Saturday, 6 January 2018

Educating Kathleen Wyne - Ontario's new minimum wage - a disaster in the making

I have been watching the latest commentaries concerning the new minimum wage in Ontario which is being increased from $11.60 to $14 immediately, and then to $15.  An increase of $3.40/hour, or 29.31% ($3.40 divided by $11.60).  For the sake of this commentary I will round it of at 30%.

I used to be a small business owner (+/-20 employees) so I know how difficult it is to stay profitable and taking home less than some of my employees (or nothing at all) when times are tough.

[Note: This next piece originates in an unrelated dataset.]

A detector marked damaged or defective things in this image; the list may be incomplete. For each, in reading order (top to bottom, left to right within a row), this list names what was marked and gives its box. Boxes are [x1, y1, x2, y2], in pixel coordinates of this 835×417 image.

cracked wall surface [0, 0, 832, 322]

Franchisees have been accused of being wealthy and greedy.  Wealth and greed are distinctly different.  Wealth is the accumulation of money and possessions over the course of time.   A smart, frugal, generous person of limited means can attain considerable wealth over time (and purchase a TH franchise).  Nothing wrong with that!  Greed is an attitude of the heart. A poor person can be as greedy as a rich person. We read in Luke 21:1-3 Jesus saw the rich putting their gifts into the temple treasury. He also saw a poor widow put in two very small copper coins. “Truly I tell you,” he said, “this poor widow has put in more than all the others. Desiring to remain profitable is a good, biblical principle, pursuit of great wealth is not.

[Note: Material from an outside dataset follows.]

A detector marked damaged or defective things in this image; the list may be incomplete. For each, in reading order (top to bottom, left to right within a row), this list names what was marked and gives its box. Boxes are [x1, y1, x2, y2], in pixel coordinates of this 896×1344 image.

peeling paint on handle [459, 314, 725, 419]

The media and the Wynne government have been taking Tim Horton's franchisees to task for reducing employee benefits.  Even the parent company of Tim Hortons has had a poke at the franchisees. Who is telling the truth? Why not let the numbers speak for themselves?

Let's examine a Tim Horton's store that is open 24-hours per day, averages 12 employees per shift (which can vary between 5 and 20 depending on the time of day and size of store) and is open 363 days per year.  What is the actual cost to the franchisee in increased wages?  $3.40 per hour X 24-hours per day X 363 days X 12 employees = $355,449.60  Then one must add to that the employer's portion of EI which is $355,449.60 X 2.324%  = $8,260.66.  And then employer CPP contribution of 4.95% which is an additional $17,594.75.  And then there's vacation pay of 4%, an additional $14,217.98, and on top of that Employers' Health Tax of of 1.95% = $6,931.26, and on top of that Workmen's Compensation of 1.72% = $6,113.73. Which brings the franchisee's total increase in labour costs to $408,567.98.  In reality the employer is paying out a total of $17.24 per hour for each employee making $15 per hour.

According to the GWNFA (franchisee association) it will cost $6,968.26 extra per full-time employee, working 40-hours per week.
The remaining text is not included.